Harry Potter y la orden del Fénix
Francis Bacon dijo que la ciencia y la magia propenden al mismo objetivo. Que esa complicidad fue rota cuando la ciencia dejó atrás a la magia al postularse como método más eficiente para alcanzar dicho objetivo. Todo eso lo sabía J.K. Rowling cuando comenzó la saga de Harry Potter. Sabía que un niño mago con una varita precisaba de un atrezzo fabuloso y fundó un universo deslumbrante de estaciones de tren falsas, encantamientos verbales a la vieja usanza y mundos escondidos debajo del aparente con su vértigo formidable de batallas, litigios y hasta colegios erigidos en paisajes sobrecogedores.La literatura dio el visto bueno al cine y nació una franquicia portentosa, una de las mejores vistas recientemente, facturada con imaginación y deseos de agradar el ojo adolescente que antes, con golosa fruición, había devorado cientos de hojas. Y el cine ha encontrado en las aventuras del mago Potter un filón robusto, inasequible al desaliento, bien pertrechado de la habitual ronda de trucos que harán las delicias de la chiquillería, aunque sin desatender la paciente asistencia de los adultos, no iniciados en la revelación mistérica de los libros y ajenos al alfabeto simbólico de este universo fundancional. Pero hemos llegado al verano cinco o seis, no sé ahora, de la era Potter y el producto habilitado para las circunstancias no es oscuro, como lo fue el facturado por Cuarón, ni se ha robustecido con ninguna pirotecnica nueva que encandile el ojo cómplice de estas filigranas técnicas tan gratas a las peripecias del mago.
Todo cuanto antaño era básicamente limpio ejercicio fantástico, vitaminado de ricos personajes, buen engarce dramático y apabullante imaginería visual se ha visto ahora menguado, rebajado a un correcto, pero desangelado, armatoste cinematográfico de fácil asimilación y más fácil todavía evacuación.
Ya escama el hecho de que parte de la bizarra maquinaria propagandística del film confíe su enganche con el público prepúber o ya lúbricamente pubescente en un estilizado beso que el bueno de Harry planta a una moza cómplice de sus artes mistéricas.
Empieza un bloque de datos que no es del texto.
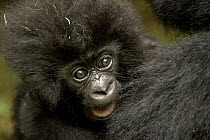 Mountain Gorilla (Gorilla gorilla beringei) baby, Parc National Des Volcans, Rwanda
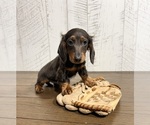 Small #1 Dachshund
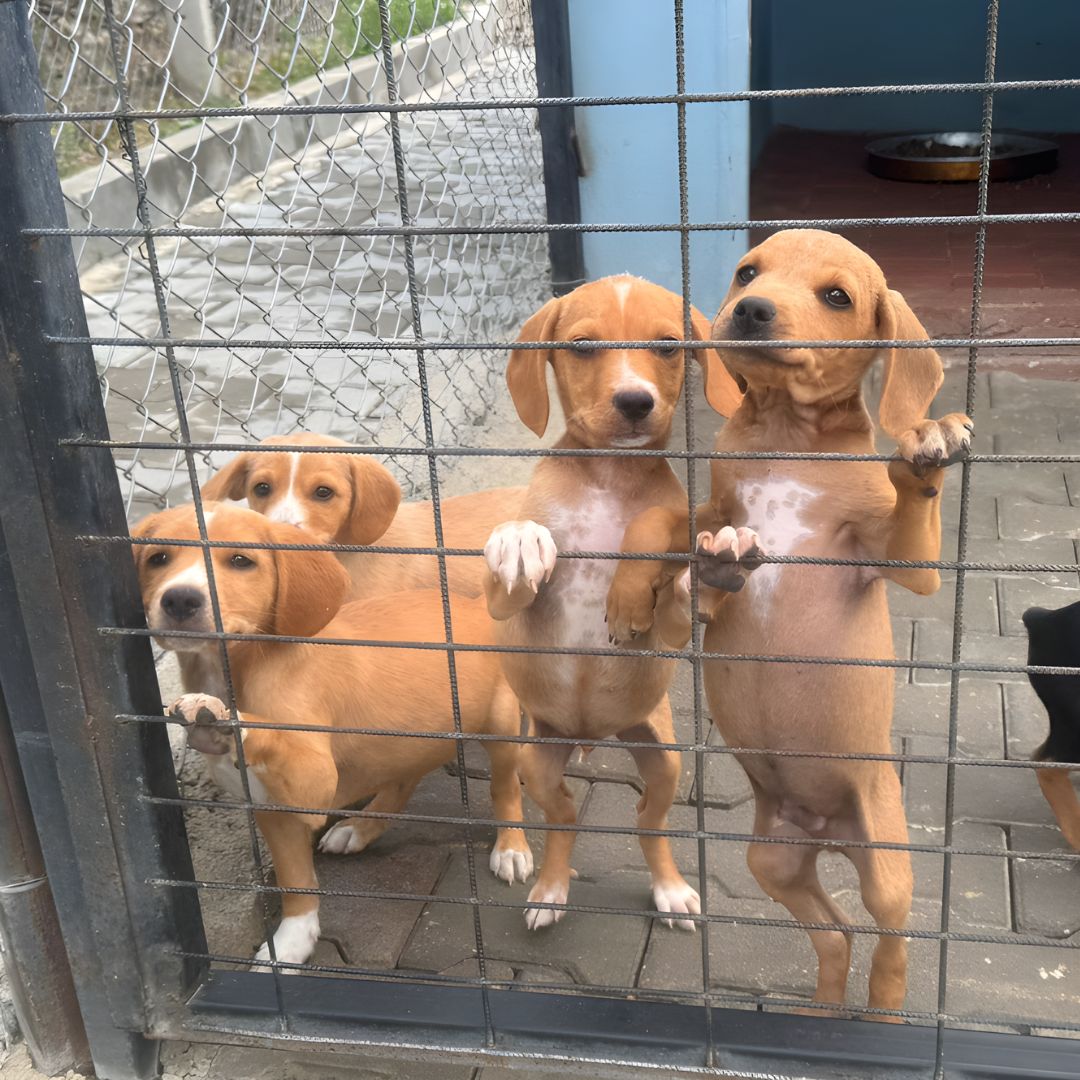 DogDeskAction's tweet photo. We desperately hope Turkey will put a moratorium on breeding soon 💔
Without it, scenes like this will never end, countless dogs born only to suffer on the streets. 🐾
Change is long overdue. #AnimalWelfare #DogRescue #AdoptDontShop #StopBreeding https://t.co/qlJzrhVSJr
El atolondrado Potter, que ocupa su mágico cerebro en ordenar los meritorios capítulos dramáticos de su infancia, no encuentra el amor: lo que ha entrado por su ojito es la pasión carnal, el tirón de hormonas que muscula su voz y garantiza que el mago adulto ha entrado en escena a mayor gloria de los futuribles enfrentamientos con el innombrable, verdadero mentor espiritual de toda la aventura y, a lo visto, descarado remake argumental de otra saga ya suficientemente conocida, Stars Wars . Potter es un Skywalker de más oscura leyenda, con su Darth Vader familiar de fondo, que sortea como el héroe a lo Propp los obstáculos habituales hasta investirse como héroe o villano absoluto solo que el piloto sideral de Lucas blandía un espectacular sable de luz, golosina de niños de todo el mundo, y Harry esgrime los argumentos de una varita de hechizos y encantamientos. El soporte logístico es el mismo.
Fascinan, no obstante, algunos episodios puntuales: la escena de las bolas de las profecías o el majestuoso y limpio de barroquismos innecesarios combate final. Mención aparte el personaje de Dolores Umbridge, una sobreactuada, pero efectista Imelda Staunton. O una dulce y arrebatadora Ivanna Lynch en el papel de Luna Lovegood ( la del pudding, sí, con la cara y la voz más cercana a ese éter de mujer que es Nawja Nimri )
La criatura de J.K. Rowling tiene todavía pan que cortar en la mesa de estos veranos de pantalla grande y colas tremebundas habida cuenta de que la siguiente entrega literaria ( El príncipe mestizo ) hace ya las fanfarrias sinfónicas en prensa y similares. Se trata, en el fondo, de alfombrar la siguiente entrega, de ir preparando al personal en nuevos ritos iniciáticos y conducirlos con estimable estilo y naturalidad a la siguiente cola. Ahí estaremos.
Lo mejor: El arranque. Justo hasta que entra la escuela y sus asuntillos de orden, disciplina y encantamientos previstos y simplonamente repetidos
Lo peor: Que le falta punch, atractivo, fuerza... No sé, algo de todo eso.